» **Raw data**:
↓↓↓

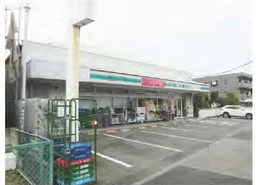 西八王子駅 徒歩41分 1F 現況:物販 その他居抜きなど物件 【飲食相談】検査済証なし、高尾街道沿い、駐車場11台あり外観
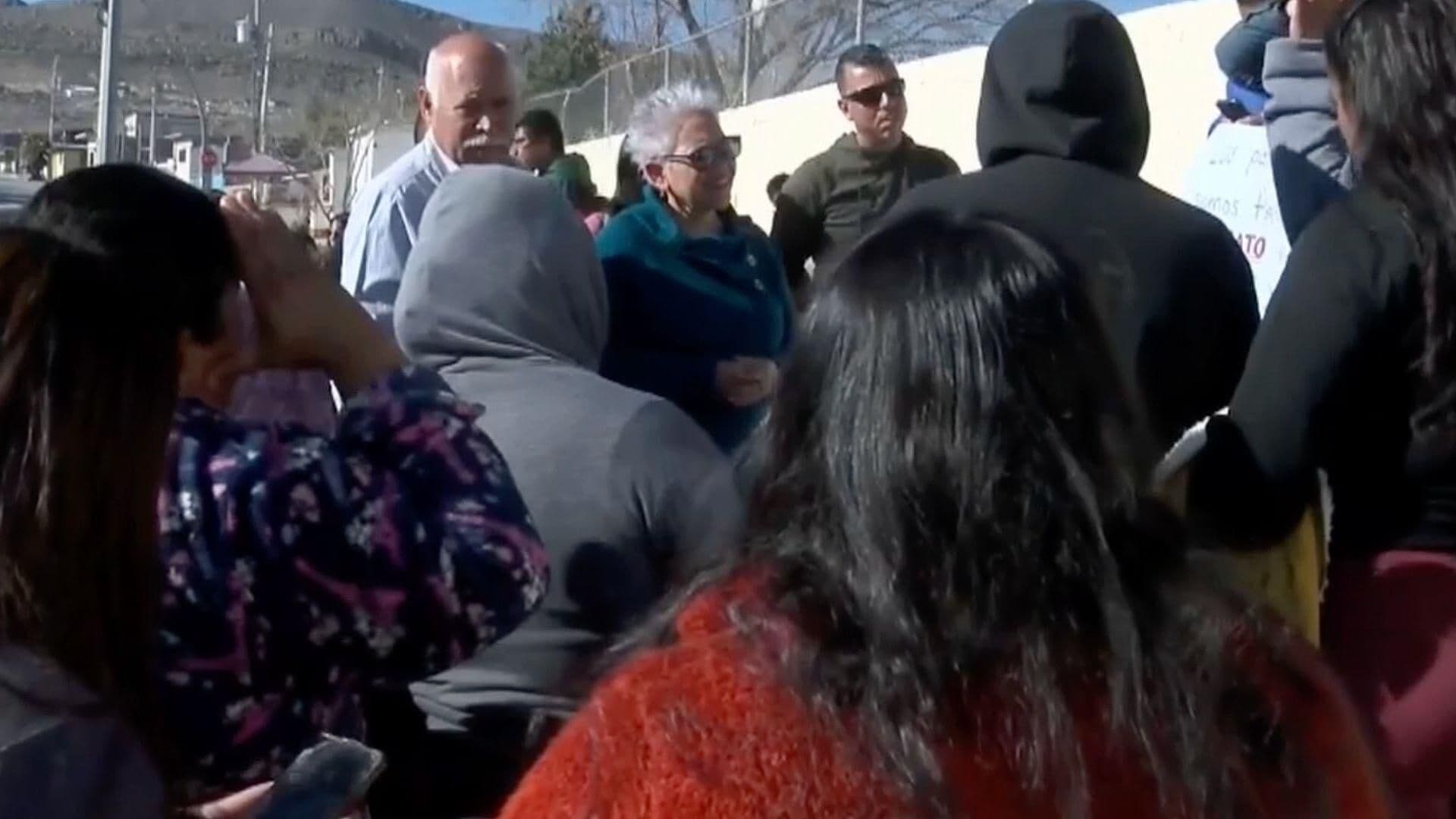 Padres Exigen Destitución de Directora en Primaria Octavio Paz Lozano en Ciudad Juárez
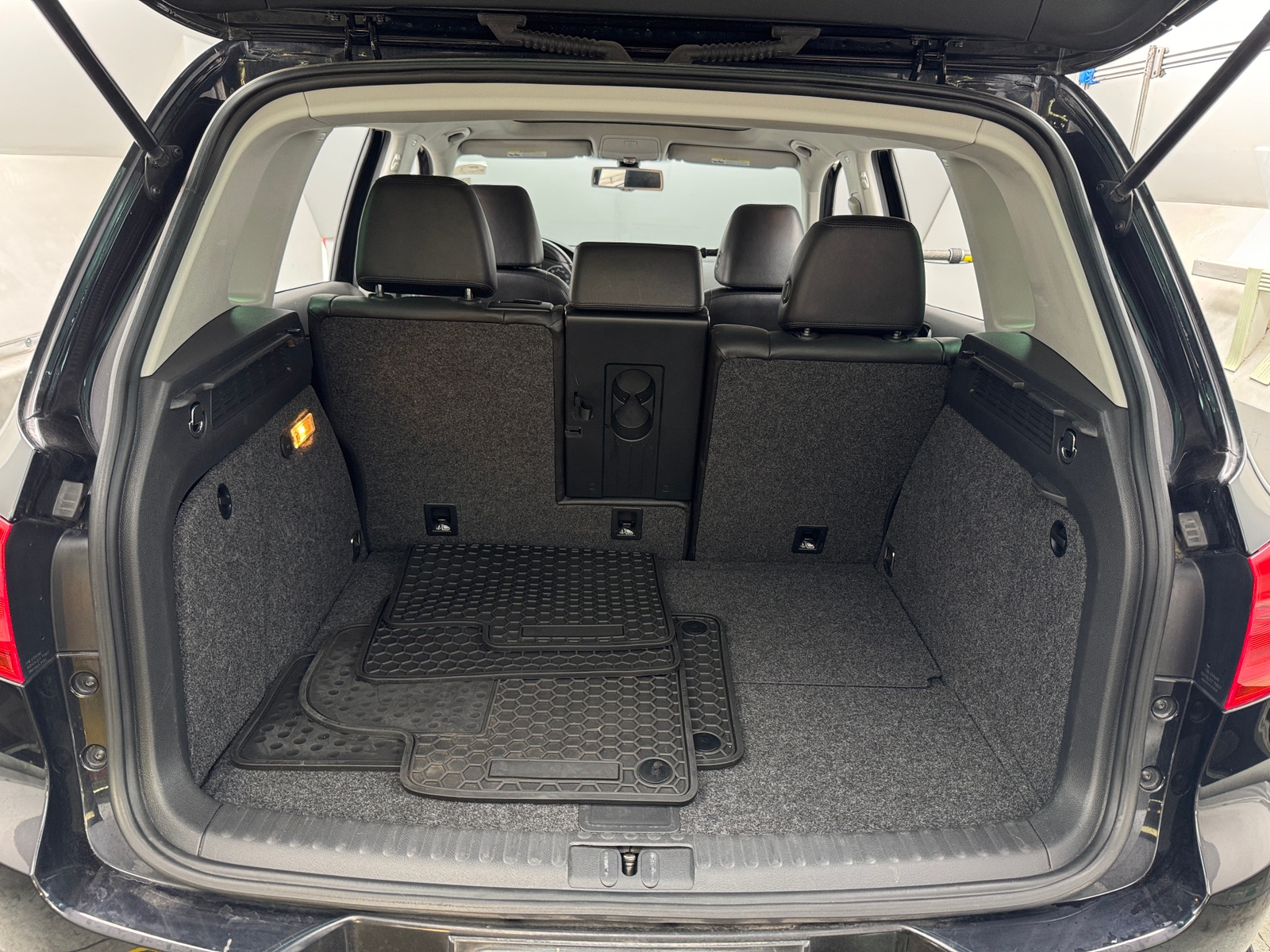 Thumbnail: 2017 Volkswagen Tiguan - 6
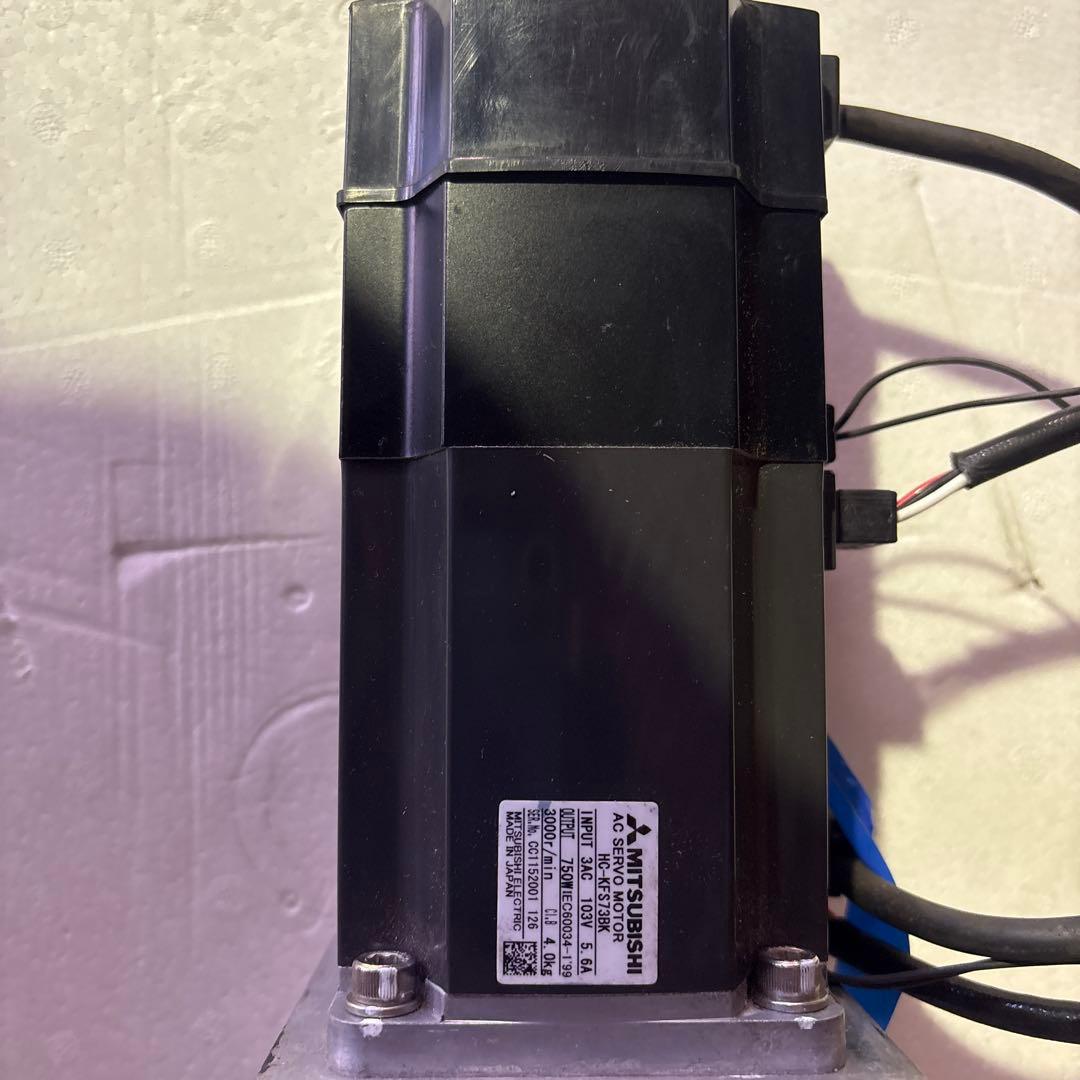サーボモーター AC-SERVO MOTOR HC-KFS73BK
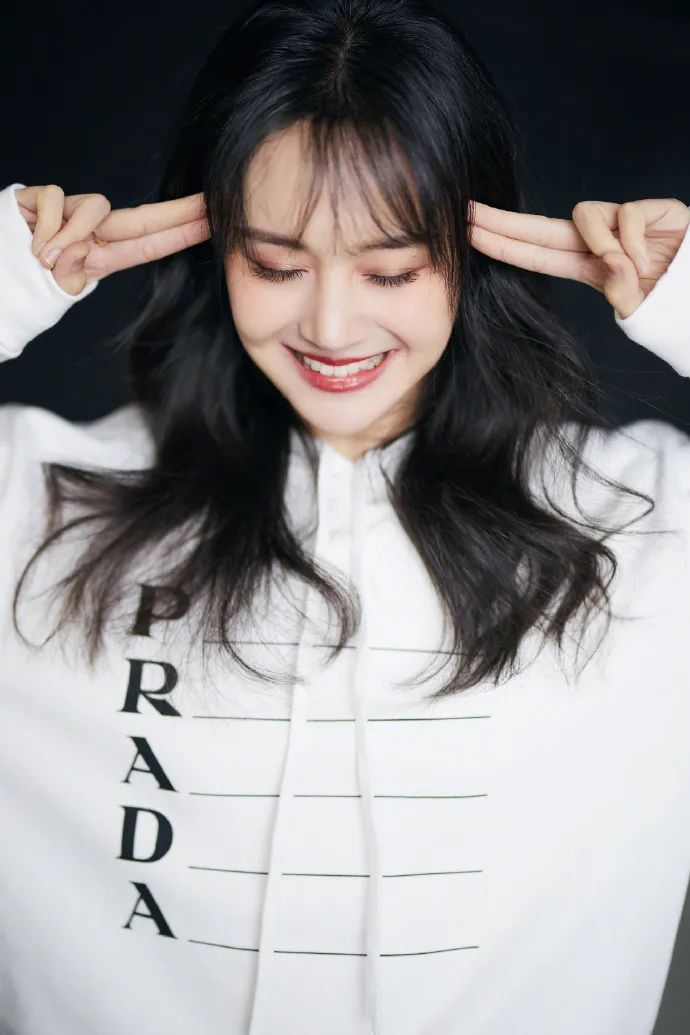 单眼皮女生眼影怎么涂好看又自然,单眼皮女生适合什么颜色的眼影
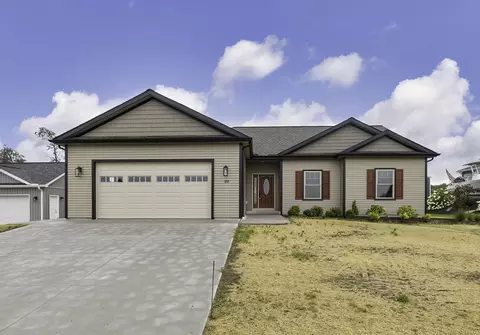 122 Pine Tree Ln, North East, PA 16428
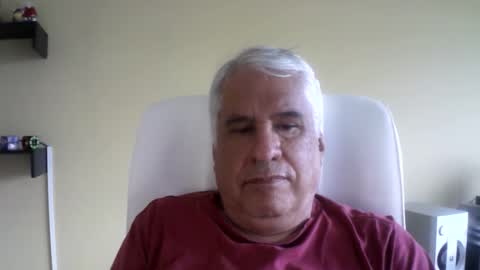 Snapshot of grisa01 chatting on 12/17/25, 02:23 grisa01 online show from 12/17/25, 02:23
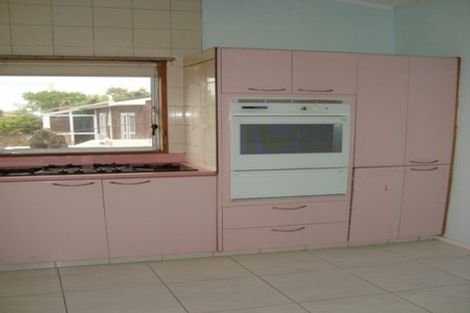 Photo of property in 635 Glenfield Road, Totara Vale, Auckland, 0629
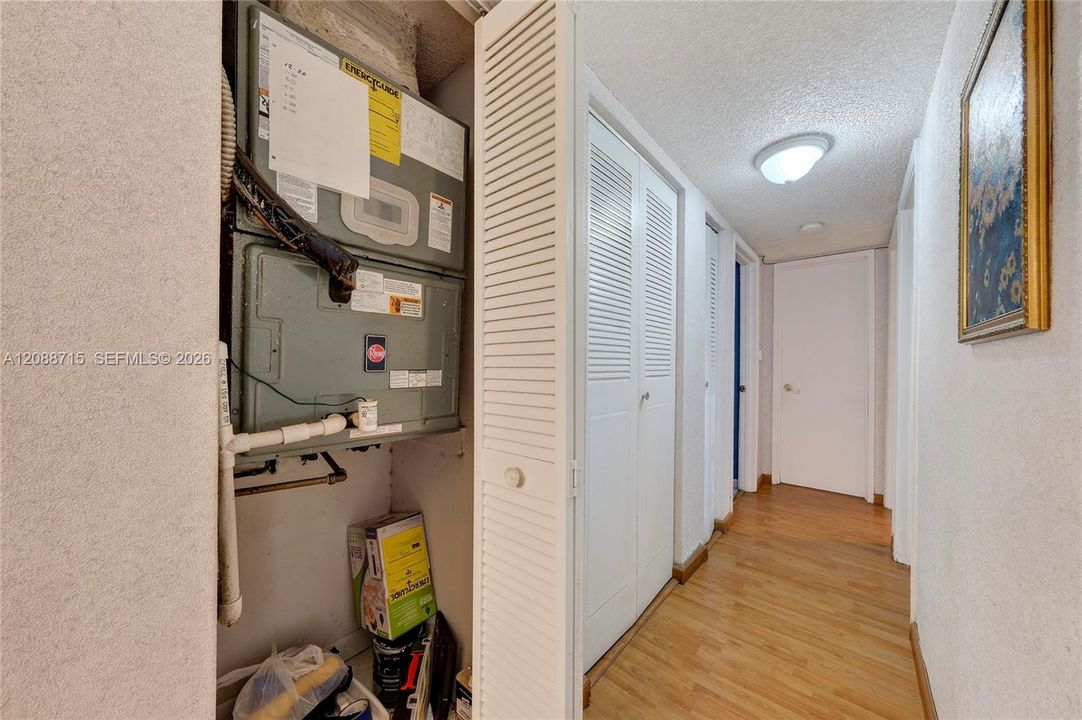 En Venta: $270,000 (3 camas, 2 baños, 1217 Pies cuadrados)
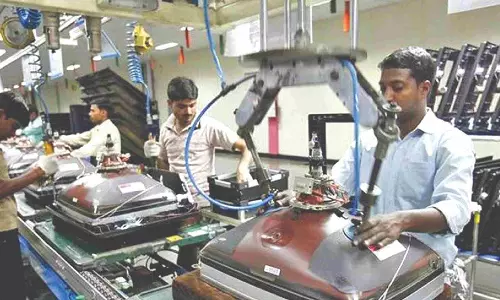 Services PMI hits 6-month high in January; new biz sees uptick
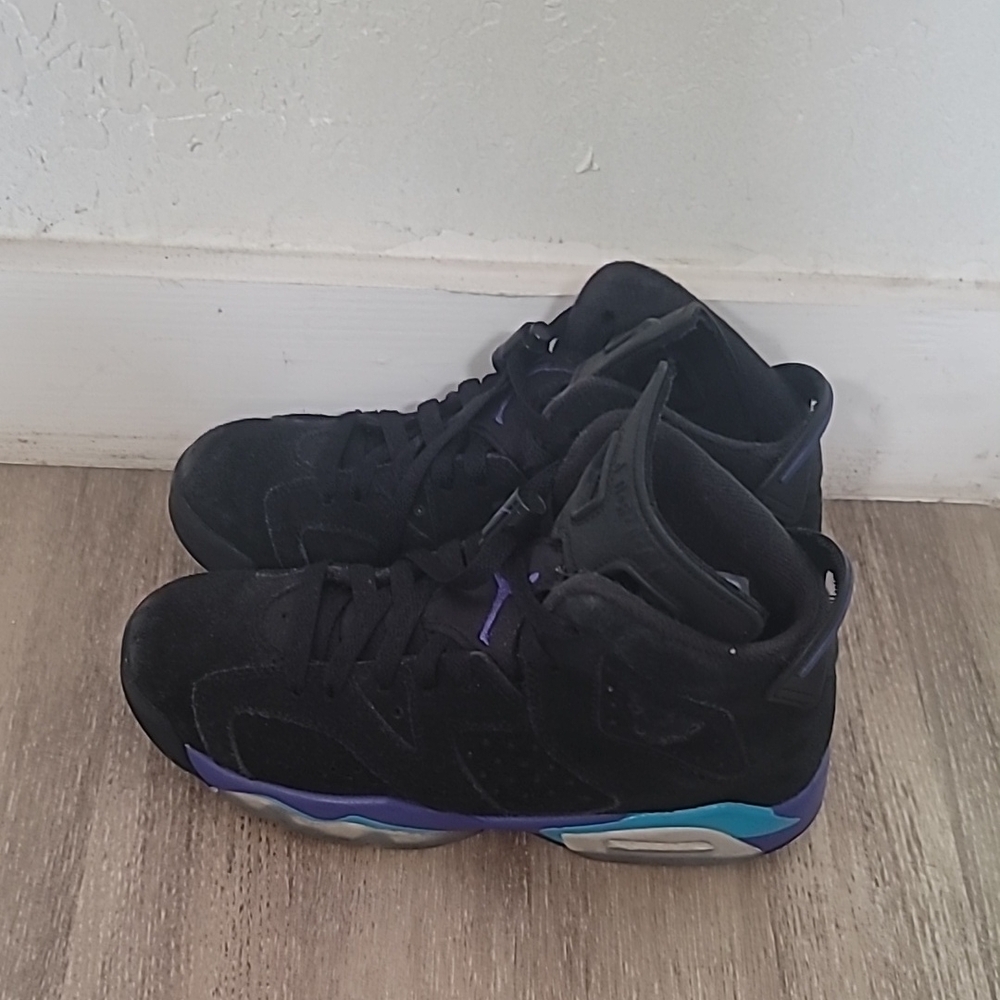 Men's Black and Purple Sneakers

↑↑↑

» **Instructions for the task**: Take the line containing "En Venta: $270,000" and every line after it through the end of the data, and write them out exactly, with no pictures.

» **Response box**:
 En Venta: $270,000 (3 camas, 2 baños, 1217 Pies cuadrados)
 Services PMI hits 6-month high in January; new biz sees uptick
 Men's Black and Purple Sneakers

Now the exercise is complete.